If that is the case, then am I better starting with a motor rated at 7kw at 48volts rather than at 72v say, as it gives me a more readily accessible route to over-volt ?

Charging at work is an option, so for my 18.5 mile journey, I could charge for probably 7 hours at work on single phase.

I think lead/acid is my starting point (plus I have 80 ex UPS batts to start off with to prototype on). if it works ok, I'll track some lithiums.


----------



## Sunking (Aug 10, 2009)

Works fine for a golf cart, and many new ones with a LSV option have slightly higher power. Aside from that, no way are you going to get 40 mile range with Pb batteries. Assuming great efficiency of 400 wh/mile will require roughly a 30 to 32 Kwh battery. A 30 Kwh battery is roughly 1700 pounds , takes up a lot of space and yearly or biannual replacement. A 30 Kwh battery is going to cost you roughly $3000 for a 1 year battery and more like $5000 for a 2 year battery.


----------



## Vanquizor (Nov 17, 2009)

Although I'll echo that there are better budget battery option out there, Sunking greatly under estimates lead batteries and a good chassis.

On my neon conversion I achieved a demonstrated range of over 64.7km (just a bit over 40 miles) on a dozen of the cheapest lead batteries I could find (~$600 total pack cost).
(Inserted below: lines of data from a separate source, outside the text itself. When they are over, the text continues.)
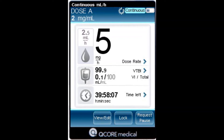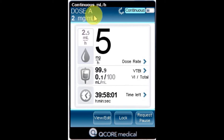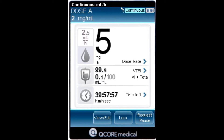Throughout the infusion, the following information is displayed on the screen. Drug name: the name of the selected drug is displayed on the indicators bar when working with the drug library.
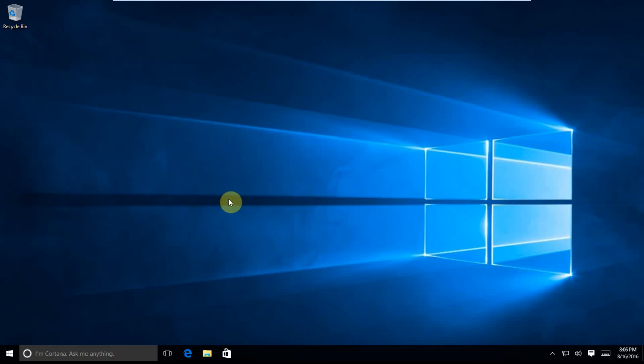We're going to install Google Chrome on a brand new Windows installation.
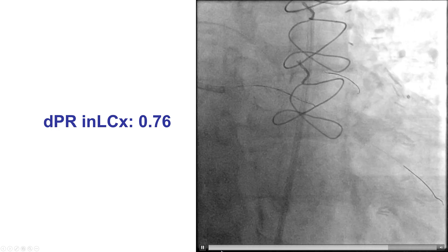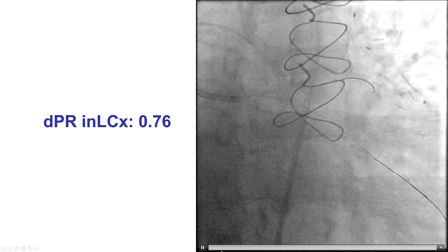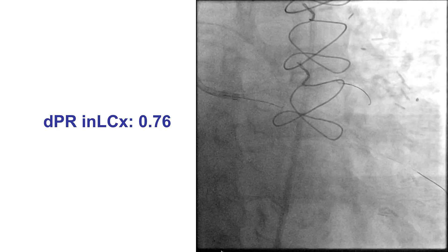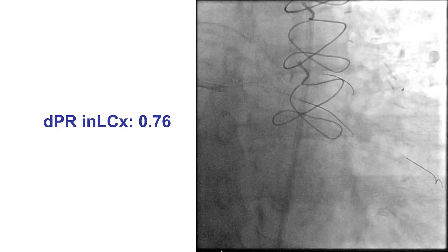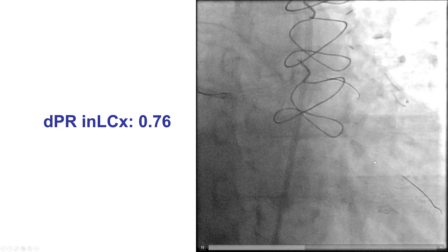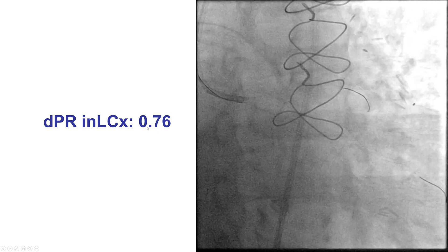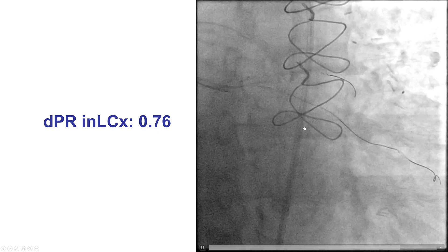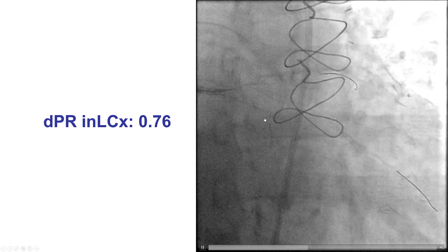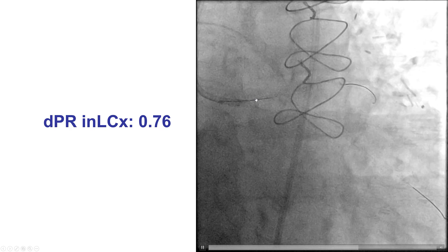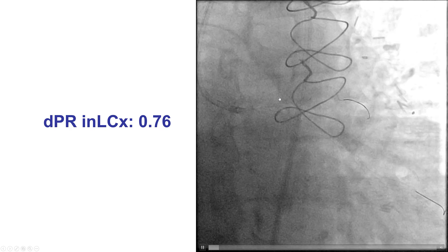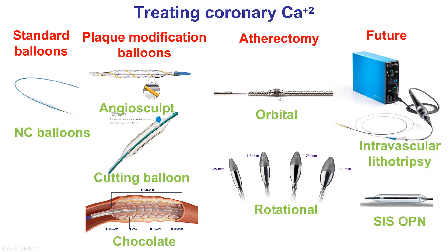We did a physiologic assessment to see whether our balloon inflations were good enough. However, the dPR on the obtuse marginal branch was 0.76, with the step-up being right at the proximal circumflex. Therefore, we clearly had residual disease in the proximal circumflex.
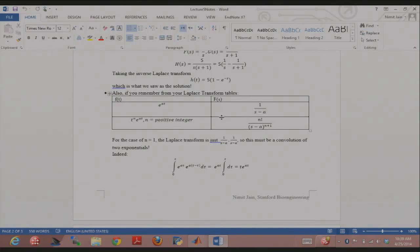Now if you put n = 1, the Laplace transform is just 1/(s − a)², which is just the product of 1/(s − a) with itself.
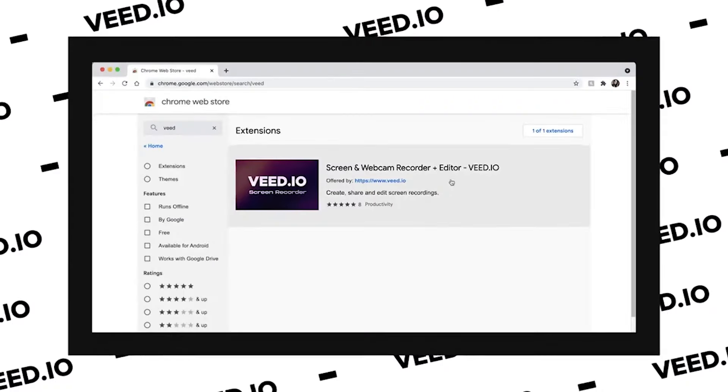Have you ever wondered how to record your screen? Well then, you're in the right place to find the answer. Hey everyone, I'm Becca, and in this video, I'm going to show you how to record your computer screen for free.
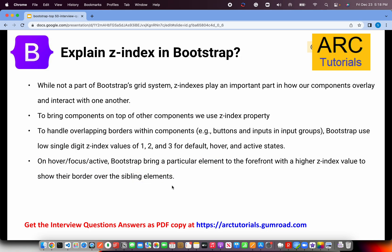Explain Z-index in Bootstrap. All UI developers should know about Z-index. It's not part of the grid system, but it plays an important role in a lot of components. If you want to bring a component on top of or overlay on top of other elements, that's where we use the Z-index property. Bootstrap uses low single-digit values like 1, 2, 3 for default. Hike up the number and the element will start showing on top. Z-index is used to position an element overlapping on other elements.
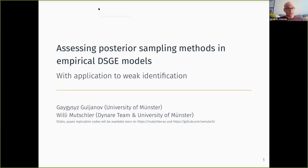Next talk is by Willy Mutschler, and the paper is titled 'Assessing Posterior Sampling Methods in Empirical DSG Models with Applications to Weak Identification.' Willy, the floor is all yours.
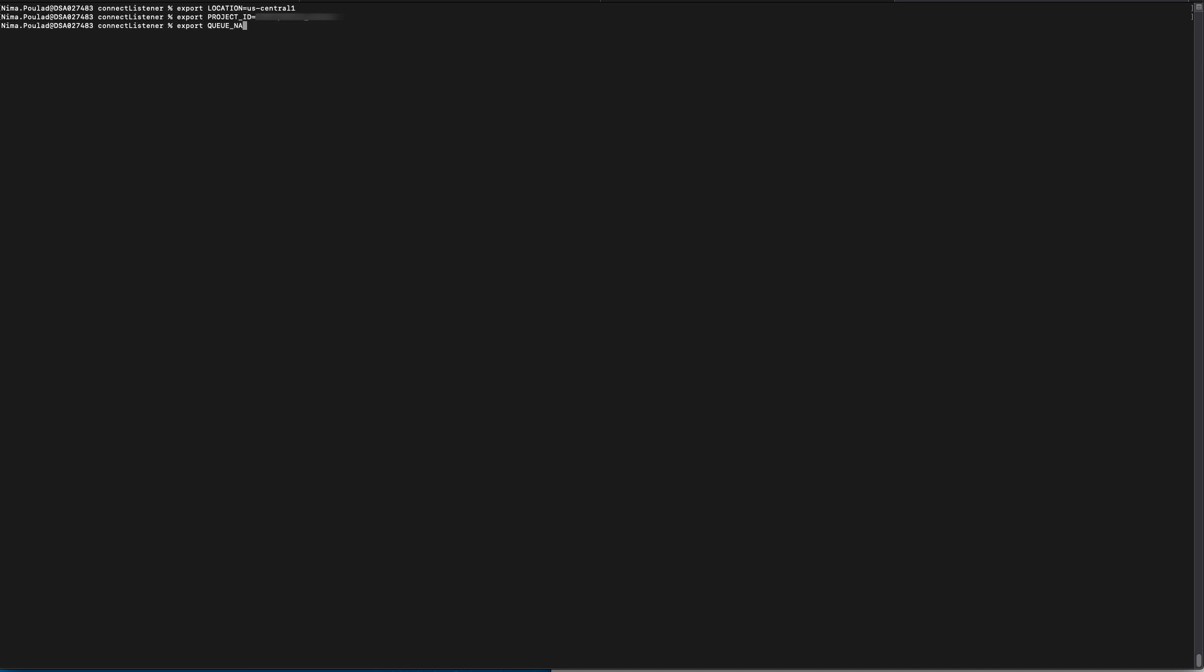This is where the connect notifications are going to be stored, and this is the name of the pub/sub resource that serverless is going to be creating for us. We're also going to need the authentication name and authentication password. The authentication name can be obtained from your connect configuration inside your DocuSign dashboard. The same is true for the password. You can also obtain this information from your connect configuration. And last but not least, you also need to define the HMAC that we'll be using to verify the connect messages.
My neon uses ~250wh/mile at 60mph, and you could do better in a lighter more aerodynamic package (swift?).

FFMan- your goals are achievable, and if you can put any kind of a charge in at work not at all a stretch. The biggest key will be getting an efficient chassis.

Here is my build log for inspiration:
http://www.diyelectriccar.com/forums/showthread.php/1995-neon-conversion-126154.html

I've been served well with lead batteries for the first year, and enjoy the car so much I'm about to start my 2nd car using some of the same bits but kicking everything up a notch.


----------



## dcb (Dec 5, 2009)

It is hard to imagine just shipping 12 group 27 batteries for less than $600 

fyi, the dc27s you have pictured are dual purpose (not quite deep-cycle) so it will be interesting to see how they hold up over time/miles.

http://www.crosscountrybattery.com/pdf/BESA_Spec Sheet_2008.pdf


----------



## Vanquizor (Nov 17, 2009)

I should actually charge the car and do a full range test before dis assembly to see how they held up.

I don't think the batteries I got are anything special, they were just cheaper than the wal~mart ones and I suspect similar quality.

To be clear if I was building a car to daily drive for the next 5 years there is no way I would use lead, but to build a toy to get your feet wet with its REALLY tough to go wrong with bargain basement batteries- the experience is worth way more than the cost of a set of disposable lead batteries (especially if you have 80 of them to play with for free as the OP claims).


----------